The electric field and electric potential at $r=14.00\text{cm}$.

Answer to Problem 32P

The electric field at $r=14.00\text{cm}$ is $11.9\text{MN}/\text{C}$ and the electric potential is $1.67\text{MV}$.

Explanation of Solution

Given information: The radius of the spherical conductor is $14.00\text{cm}$ and charge is $26\text{μC}$.

Write the expression to calculate the electric field intensity.

$E=\frac{KQ}{r^2}$

Here,

$E$ is the electric field intensity.

$K$ is the Coulomb’s law constant.

$r$ is the separation between the charges.

$Q$ is the charge.

Substitute $9\times {10}^9\text{N}\cdot {\text{m}}^{\text{2}}/{\text{C}}^{\text{2}}$ for $K$, $26\text{μC}$ for $Q$ and $14.00\text{cm}$ for $r$ in equation (2).

$\begin{array}{c}E=\frac{9\times {10}^9\text{N}\cdot {\text{m}}^{\text{2}}/{\text{C}}^{\text{2}}\left(26.00\text{μC}\times \frac{{10}^{-6}\text{C}}{1\text{μC}}\right)}{{\left(14.00\text{cm}\times \frac{1\text{m}}{100\text{cm}}\right)}^2}\\ =11.9\text{MN}/\text{C}\end{array}$

Thus, the electric field at $r=14.00\text{cm}$ is $11.9\text{MN}/\text{C}$.

Write the expression to calculate the electric potential.

$V=\frac{KQ}{r}$

Substitute $9\times {10}^9\text{N}\cdot {\text{m}}^{\text{2}}/{\text{C}}^{\text{2}}$ for $K$, $26\text{μC}$ for $Q$ and $14.00\text{cm}$ for $r$ in above equation to find $V$.
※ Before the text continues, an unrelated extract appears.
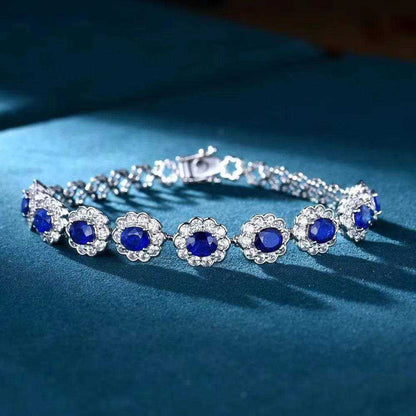 SGARIT Wholesale Jewelry 18K white gold bracelet featuring 3.85CT natural Sri Lanka blue sapphires surrounded by diamonds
$\begin{array}{c}V=\frac{9\times {10}^9\text{N}\cdot {\text{m}}^{\text{2}}/{\text{C}}^{\text{2}}\left(26.00\text{μC}\times \frac{{10}^{-6}\text{C}}{1\text{μC}}\right)}{\left(14.00\text{cm}\times \frac{1\text{m}}{100\text{cm}}\right)}\\ =1.67\text{MV}\end{array}$

Thus, the electric potential is $1.67\text{MV}$.

Conclusion:

Therefore, the electric field at $r=14.00\text{cm}$ is $11.9\text{MN}/\text{C}$ and the electric potential is $1.67\text{MV}$.